== Dataset excerpt ==
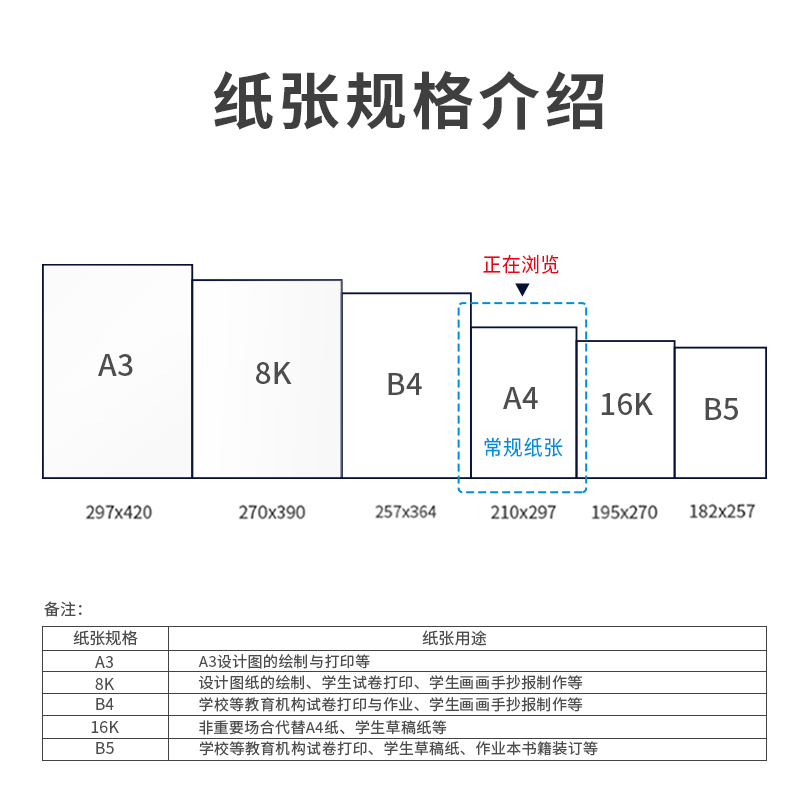 得力佳铂/巴厘海双面打印复印纸A4多功能办公打印用纸70G/80克单包装木浆纸a4打印纸学生草稿用纸包邮 - 图1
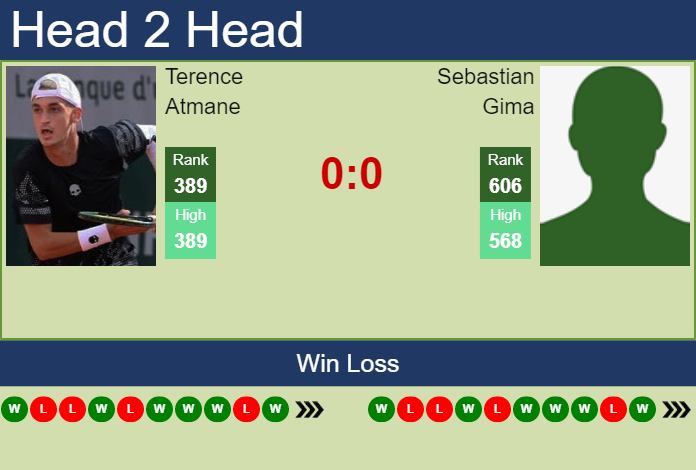 Terence Atmane vs. Sebastian Gima the Istanbul Challenger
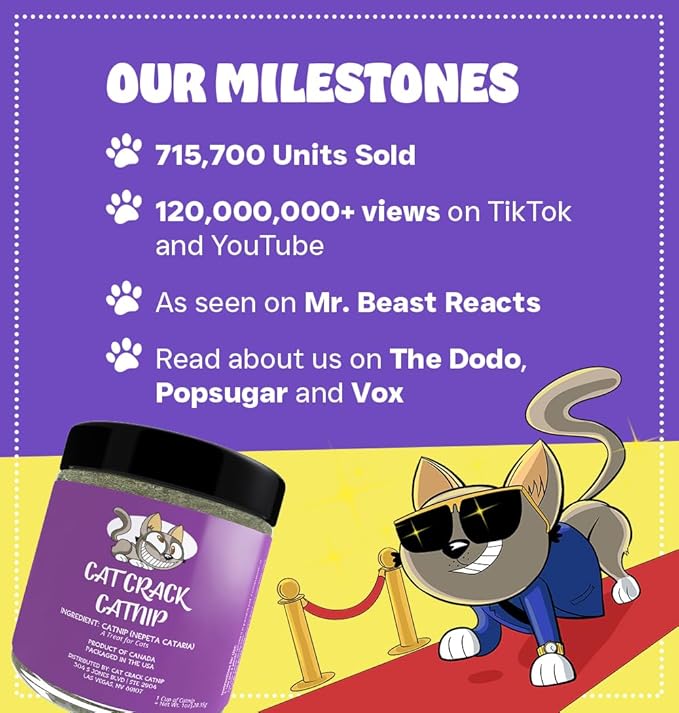 Cat Crack Catnip, Zoomie-Inducing Cat Nip Blend, North American Made & 100% Natural, Safe & Non-Addictive Catnip Treats Used to Supplement Cat Nip Toys, Spray, & Accessories (20 Cups)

== Task item ==
The line with "Terence Atmane vs." ends the range, and the first line of the data begins it; repeat exactly those lines and nothing more, omitting pictures.

== Exercise result ==
 得力佳铂/巴厘海双面打印复印纸A4多功能办公打印用纸70G/80克单包装木浆纸a4打印纸学生草稿用纸包邮 - 图1
 Terence Atmane vs. Sebastian Gima the Istanbul Challenger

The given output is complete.